La Plastic Team n’attend plus de fric. Elle aimerait déjà un semblant de reconnaissance, un minimum de soutien. « Il y a un microclimat culturel sur la ville. Mais nous ne sommes pas plus aidés par les politiques qu’ailleurs. Et en cette année électorale, c’est même tout le contraire, note Grégory Dubois (HH). Les Sunday Roots Days, un chouette événement sur l’esplanade Saint-Léonard, n’ont par exemple plus reçu les autorisations nécessaires. »

« Il y a toujours quelqu’un qui se plaint. Et pour l’instant, on fait plaisir à ceux qui veulent dormir. Pas à ceux qui désirent une vie culturelle, commente Alain Preud’homme. C’était pourtant une initiative emmenée par des bénévoles et elle se déroulait dans une ambiance bon enfant. »

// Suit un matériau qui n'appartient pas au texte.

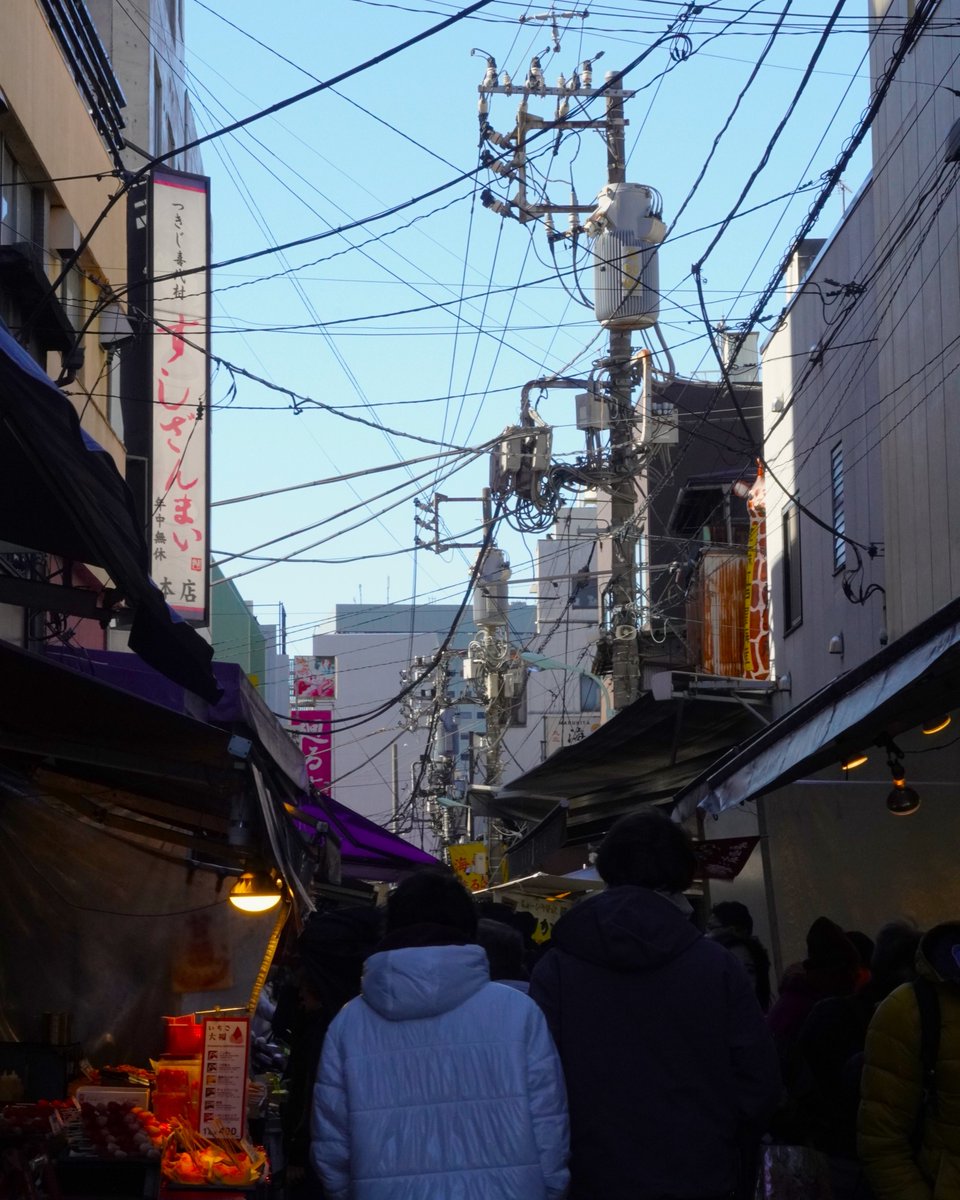 Tsukiji Outer Market is Japan’s Food Town. It's everything I love about cities: historic, grungy, narrow, colorful, tasty. Black squid dumplings, buttery miso cod, crab, calamari and more! #streetphotography #TsukijiOuterMarket #tokyo #japan #fish #seafood #publicmarket #travel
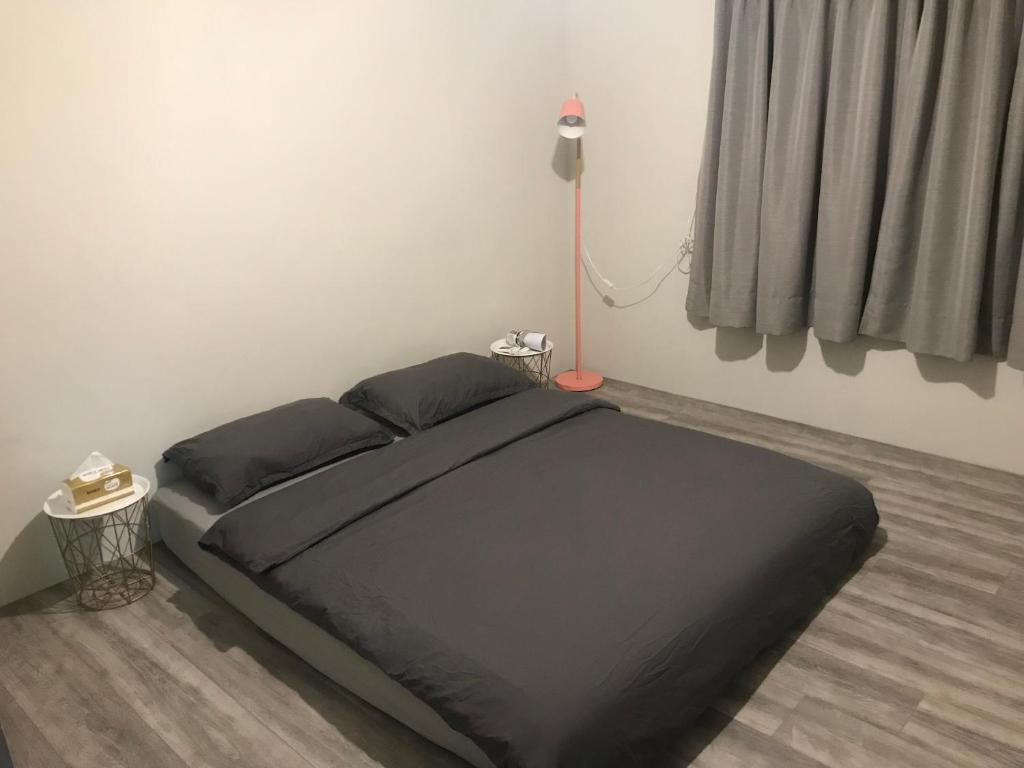 Postel nebo postele na pokoji v ubytování 琉浪潛水背包客棧 Drift Diving Hostel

Quoi qu’il en soit, les nouvelles semblent de bon augure pour la musique à Liège. « Je cherchais un lieu pour faire des choses qui s’écoutent. Du français, des musiques plus exigeantes. En octobre, nous reprendrons la programmation de L’Etuve, annonce Miam. Un petit théâtre mythique de 53 places qui a accueilli Barbara, Gainsbourg, Ferré… »

Et tandis que Jaune Orange se cherche une tanière pour organiser des concerts, Fabrice Lamproye espère pouvoir proposer un lieu de live permanent d’ici fin 2013. Le dieu wallon du rock doit être liégeois…

MICRO FESTIVAL EXPRESS

Clap 3e pour le Micro Festival. A nouveau organisé dans le cadre verdoyant de l’Espace 251 nord, le convivial (2000 spectateurs pas plus) et démocratique (10 euros pour la totale) événement liégeois passe sur deux jours avec un micro apéro (3 groupes, 3 DJ’s) le vendredi soir. Complet lors de ses deux premières éditions et couvert, ce qui n’est pas du luxe cet été, il accueillera surtout, le samedi 4 août, la pop tordue de GaBLé, le génial et inventif saxophoniste Colin Stetson (Tom Waits, Arcade Fire) et The Monsters, le groupe du dérangé Reverend Beat-man, patron du label Voodoo Rhythm. Focus aime les Micro ondes…

www.microfestival.be

Avec Taïfun, Bloodshot Bill, The Chap (vendredi); Leaf House, Räpe Blossoms, V.O., GaBLé, Colin Stetson, The Monsters, Bonaparte, Tim Exile + after party (samedi).